Practical implications:

  • Pick your college early and tailor the application to it. Strong fit signals (research interest, course rigor in the relevant areas, activities aligned with the college) carry significant weight. Generic essays read as a weakness.
  • Switching is hard after admission. Internal transfer between colleges is possible but has its own application and is not guaranteed. Treat your initial choice as a real commitment.
  • Some colleges admit at meaningfully different rates than others. Engineering and Arts and Sciences are generally tightest on test scores; ILR and CALS have somewhat more accessible admit profiles.

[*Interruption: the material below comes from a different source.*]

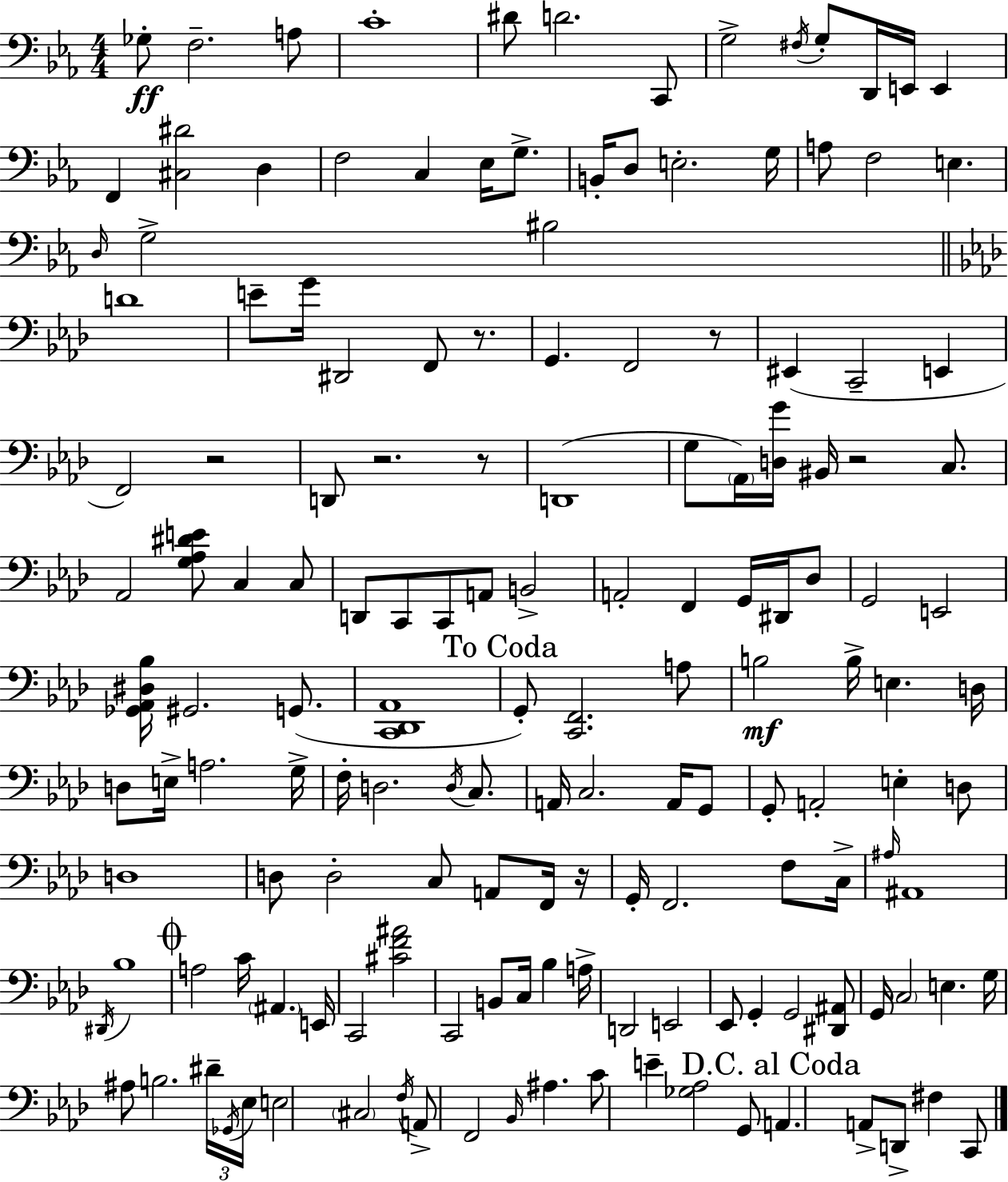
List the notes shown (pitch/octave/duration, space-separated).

Gb3/e F3/h. A3/e C4/w D#4/e D4/h. C2/e G3/h F#3/s G3/e D2/s E2/s E2/q F2/q [C#3,D#4]/h D3/q F3/h C3/q Eb3/s G3/e. B2/s D3/e E3/h. G3/s A3/e F3/h E3/q. D3/s G3/h BIS3/h D4/w E4/e G4/s D#2/h F2/e R/e. G2/q. F2/h R/e EIS2/q C2/h E2/q F2/h R/h D2/e R/h. R/e D2/w G3/e Ab2/s [D3,G4]/s BIS2/s R/h C3/e. Ab2/h [G3,Ab3,D#4,E4]/e C3/q C3/e D2/e C2/e C2/e A2/e B2/h A2/h F2/q G2/s D#2/s Db3/e G2/h E2/h [Gb2,Ab2,D#3,Bb3]/s G#2/h. G2/e. [C2,Db2,Ab2]/w G2/e [C2,F2]/h. A3/e B3/h B3/s E3/q. D3/s D3/e E3/s A3/h. G3/s F3/s D3/h. D3/s C3/e. A2/s C3/h. A2/s G2/e G2/e A2/h E3/q D3/e D3/w D3/e D3/h C3/e A2/e F2/s R/s G2/s F2/h. F3/e C3/s A#3/s A#2/w D#2/s Bb3/w A3/h C4/s A#2/q. E2/s C2/h [C#4,F4,A#4]/h C2/h B2/e C3/s Bb3/q A3/s D2/h E2/h Eb2/e G2/q G2/h [D#2,A#2]/e G2/s C3/h E3/q. G3/s A#3/e B3/h. D#4/s Gb2/s Eb3/s E3/h C#3/h F3/s A2/e F2/h Bb2/s A#3/q. C4/e E4/q [Gb3,Ab3]/h G2/e A2/q. A2/e D2/e F#3/q C2/e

AAP is portfolio-driven and runs a separate review track.
  • Brooks School of Public Policy is the eighth and newest undergraduate school, opened to first-year applicants in recent cycles. It is treated as a separate admissions track, with public policy and economics rigor as core signals. Brooks operates as a hybrid: New York State residents in B.S. programs at Brooks pay the lower contract-college tuition rate, while other students pay the endowed rate.

The In-State Advantage: Cornell's Contract Colleges

Cornell is unique among the Ivies in operating state-contract colleges as part of the State University of New York (SUNY) system. Three undergraduate units are full statutory contract colleges:

  • College of Agriculture and Life Sciences (CALS)
  • College of Human Ecology
  • School of Industrial and Labor Relations (ILR)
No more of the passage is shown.